Suppose we have access to $\nabla \log p(x) = \nabla \log \tilde{p}(x)$. We'd like to compute density ratios at a pair of points. By the fundamental theorem for line integrals, if we set a path $\gamma$ from $y$ to $z$ via $x(0)=y$ and $x(1)=z$, with $x(t)= (1-t)y + tz$, then
$$ \begin{aligned} \log \frac{p(z)}{p(y)} &= \log p(z) - \log p(y) \\ &= \log \tilde{p}(z) - \log Z - \log \tilde{p}(y) + \log Z \\ &= \log \tilde{p}(z) - \log \tilde{p}(y) \\ &= \int_\gamma \nabla \log \tilde{p}(x)^\top dx \\ &= \int_0^1 \nabla \log \tilde{p}(x(t))^\top \dot{x}(t)\, dt\\ &= \int_0^1 \nabla \log \tilde{p}(x(t))^\top (z-y)\, dt. \end{aligned} $$Thus, we can compute log density ratios given only the score $\nabla \log \tilde{p}$, up to a numerical line integral.
Remarks
- Conservativeness. The fundamental theorem for line integrals requires $\nabla \log \tilde{p}$ to be a conservative vector field, i.e. curl-free. This is automatic here since $\nabla \log \tilde{p}$ is the gradient of a scalar; but if one were instead given an arbitrary vector field $s(x)$ purporting to be a score, one would need to verify $\nabla \times s = 0$ before applying this argument.

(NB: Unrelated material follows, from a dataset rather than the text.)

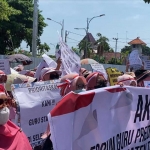 Ratusan guru swasta di Kabupaten Tuban saat demo di depan kantor Pemkab dan DPRD, Rabu (16/10/2024).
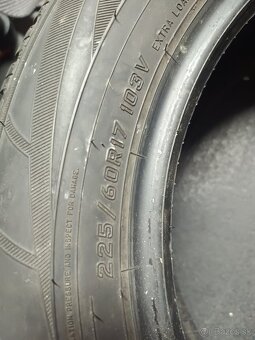 Predám zimné pneumatiky 225/60 R17 Falken - 2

- Path independence. Since the field is conservative, the integral is path-independent, so the straight-line $\gamma$ is one valid choice among infinitely many. In practice, however, path choice matters numerically: a straight line may traverse low-probability regions where $\nabla \log \tilde{p}$ is large or poorly conditioned, so more carefully chosen paths can reduce quadrature error.
- Regularity. The argument requires $\log \tilde{p}$ to be $C^1$ along $\gamma$, i.e. the gradient must exist and be continuous on the path. This fails at hard boundaries of the support where $\tilde{p} = 0$ and the log diverges, so the trick should be applied with care for distributions with bounded support.
- Numerical cost. Evaluating the integral requires quadrature along $\gamma$, hence multiple evaluations of $\nabla \log \tilde{p}$. The resulting log-ratio estimate is consistent as the quadrature is refined, but the per-pair cost is non-trivial — especially when the score is expensive to evaluate, e.g. when $\tilde{p}$ involves a large neural network.